Ramirez: Strong stench of urine

Nestor Ramirez

AS A communication professor and practitioner, I abhor the abuses committed by individuals on social media, especially those who post just anything they do even if it does not have relevance to other people.

I would say that the effort of the new chief of the Department of Public Services (DPS) in immediately publicizing on social media what his office is doing, not to mention his quick defense against any issue that hounds the chief executive, is fairly justified with the lesser garbage on the streets.

I am not saying that trash is totally eradicated just after six months of the Labella administration, but in places that I always went to, it has drastically dropped and if there was still litter left, that is the handiwork of undisciplined residents who put out the garbage after the scheduled collection.

Keep those work-related posts coming because at least the public has a mechanism to know how their taxes are being spent and for us to validate if the social media projection effort corresponds to actual efficiency in dispensing public service.

However, there is another thing that I want the leadership of DPS to also focus on, aside from garbage collection.
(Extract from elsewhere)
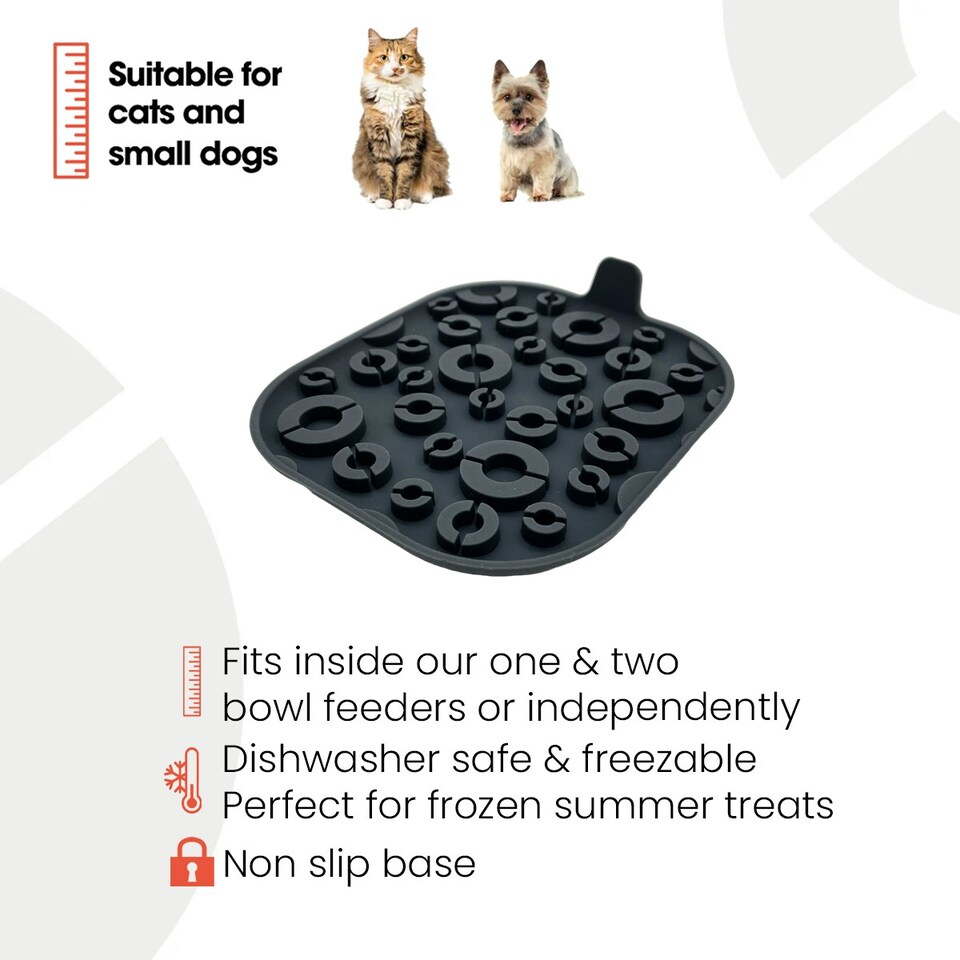 image 1 of Cat Mate Lick Mat (368) Grey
Please hose down and disinfect roadsides and sidewalks used as instant urinals that already acquired the pungent smell of ammonia.

One place that I have been to thrice last week that is emitting the strong smell of urine is that portion of M.C. Briones St. starting from the corner of D. Jakosalem towards Carbon Market. Pictures of the place being cleaned are seen all over social media yet the place is still stinking from human leak.

What is ironic is that the place is proximate to the Cebu City Hall. The strong stench of urine is not confined to that space but spreads also to many areas in the downtown district that usually look like dumpsites and are poorly lighted.

The area that I am referring to near City Hall is that portion where vegetables are displayed from the evening until dawn, but I wonder where the vendors occupying this space would go to relieve themselves.

I am not accusing the vendors of urinating on the sidewalk but I could not be mistaken that the stinky odor that greeted me after attending the 4 a.m. novena of the Sto. Niño on my way out to get a ride came from urine.

On the other side of Carbon Market, specifically beside Mt. Carmel Parish Recoletos right across the Freedom Park, the problem of heavy urine stench was solved with the construction of a public urinal attached to the wall of the parish along Leon Kilat St. The public urinal was established and maintained by the parish to prevent anyone from urinating on the street.

The City Government should look into how the parish undertook the project that drastically lessened the abhorrent smell in the area because passersby now use the urinal, instead of awkwardly relieving themselves against the walls.

For the meantime, before the City could construct public urinals, please freshen up stinky sidewalks in the downtown area by dousing water and some disinfectant before the situation becomes a public health issue.